▶ [DATA SHOWN]
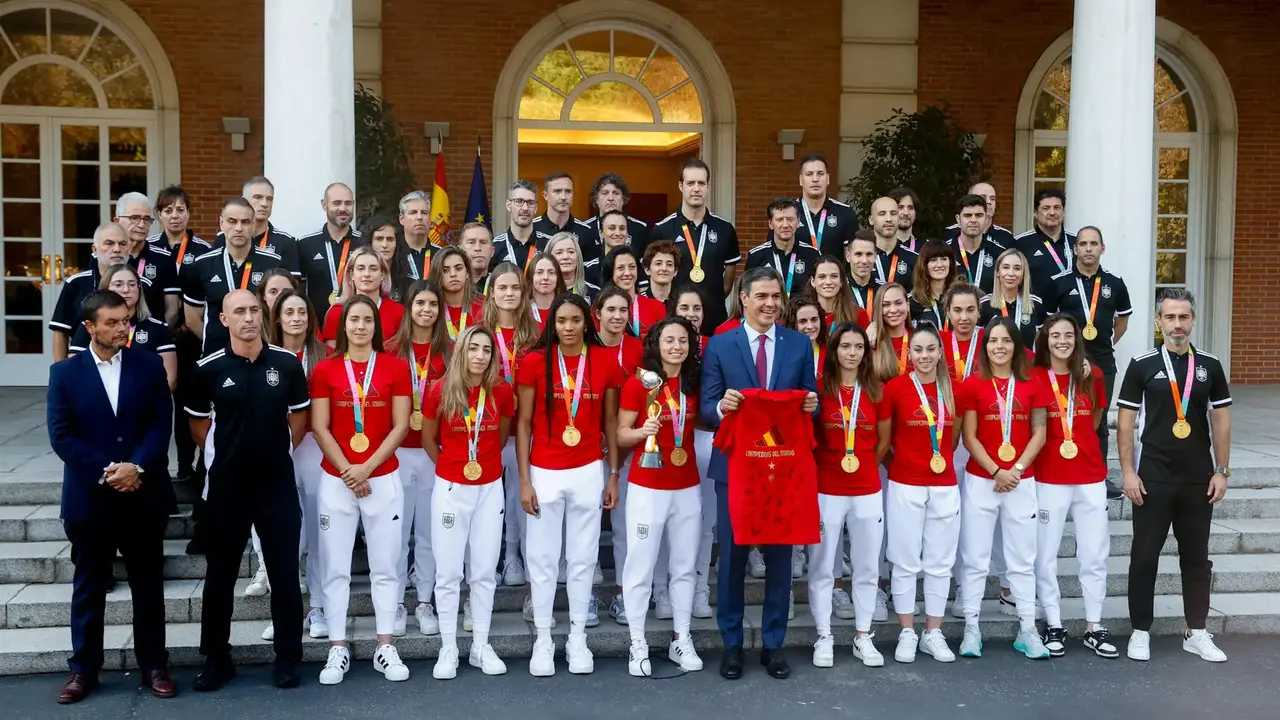 Pedro Sánchez recibe a las Campeonas del Mundo en La Moncloa | Fuente: La Moncloa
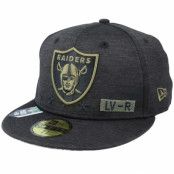 New Era - NFL Svart fitted Keps - Las Vegas Raiders Salute To Service NFL 20 Heather Black Fitted @ Hatstore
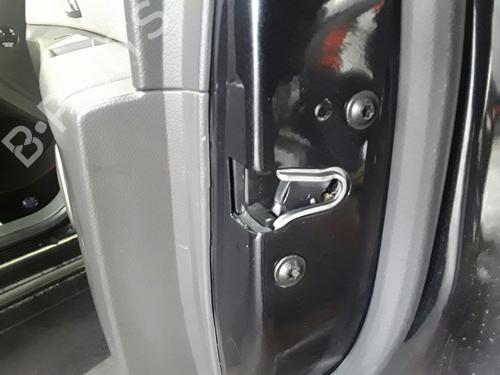 Used Front right lock CHEVROLET CRUZE (J300) 2.0 CDI (150 hp) 29903125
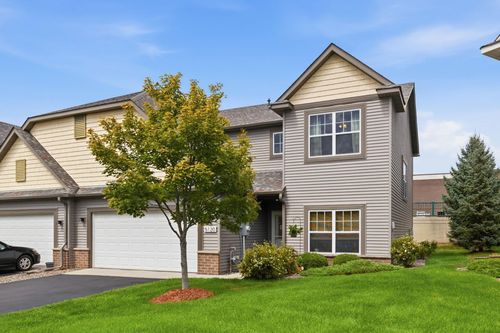 5120 Parker Cir, Robbinsdale, MN, 55422-1734 | Card Image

▶ [ASSIGNED TASK] I'd like the material repeated word for word, without the pictures it holds.

▶ [RESPONSE TO THIS TASK]
 Pedro Sánchez recibe a las Campeonas del Mundo en La Moncloa | Fuente: La Moncloa
 New Era - NFL Svart fitted Keps - Las Vegas Raiders Salute To Service NFL 20 Heather Black Fitted @ Hatstore
 Used Front right lock CHEVROLET CRUZE (J300) 2.0 CDI (150 hp) 29903125
 5120 Parker Cir, Robbinsdale, MN, 55422-1734 | Card Image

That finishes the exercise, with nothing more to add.